Adapted Mom's traditional cornbread recipe to be both vegan and a little moister. This is NOT a sweet cornbread (yuck, what are you yankees thinking?). If you don't care about being vegan, just use two eggs instead of the egg replacer and 4 T water in the recipe. The 24 pieces are tall but measure about 2 x 1.75 inches- our family's preferred shape for both feeling like you have a decent hunk of cornbread but also making the cornbread last. Recipe can be halved (the only difficulty may be the half can of creamed corn).
- 2 cups cornmeal
- 2⁄3 cup all-purpose flour
- 1 teaspoon salt
- 4 teaspoons baking powder
- 1 tablespoon sugar (Optional, but don't worry, as this isn't enough to make the cornbread really sweet.)
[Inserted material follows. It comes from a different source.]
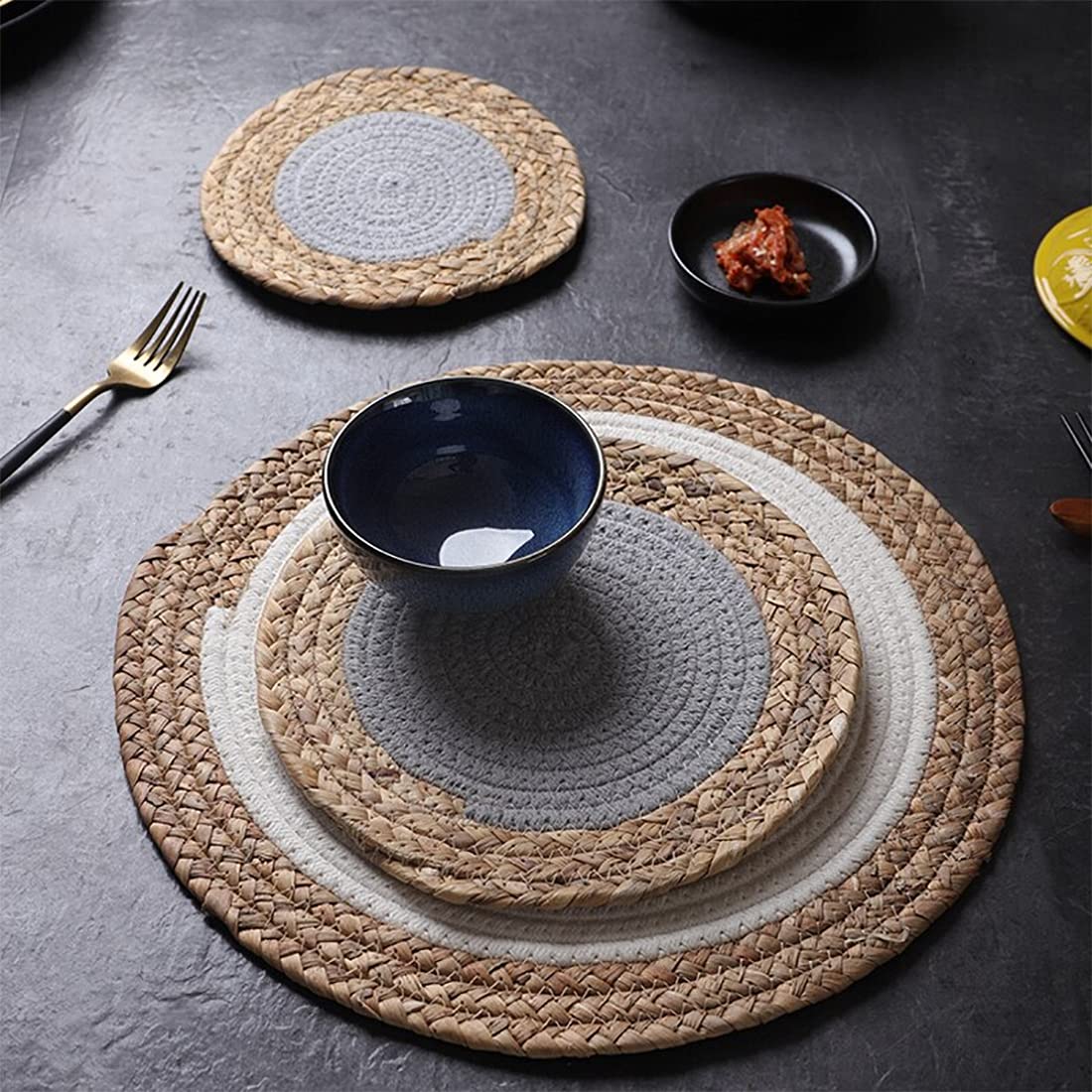Fennco Styles Hand-Woven Rattan Cotton Rope Placemats Round, Set of 4 - Braided Table Mats Heat Resistant Insulation for Home, Boho Décor, Dining Table, Banquets, Special Events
- 1 (14 3/4 ounce) can creamed corn
- 3 teaspoons egg substitute (I used Ener-G brand Egg Replacer)
- 4 tablespoons water (to be mixed with egg substitute)
- 1⁄3 cup water
- 1⁄3 cup vegetable oil
- Combine cornmeal, flour, salt, baking powder, and sugar (optional).
- Combine egg replacer and 4 tablespoons water in a jar (tupperware, etc.) and shake vigorously until combined (If using eggs, beat eggs), and add to mixture.
- Add creamed corn and 1/3 cup water, stirring all ingredients until combined.
- Add oil and mix thoroughly.
- Pour into a well-greased 7x11 inch (2 quart) baking dish.
- Bake at 450 F for 20-25 minutes, removing when a toothpick inserted in the center comes out clean. Remember, the longer it cooks, the drier it will be.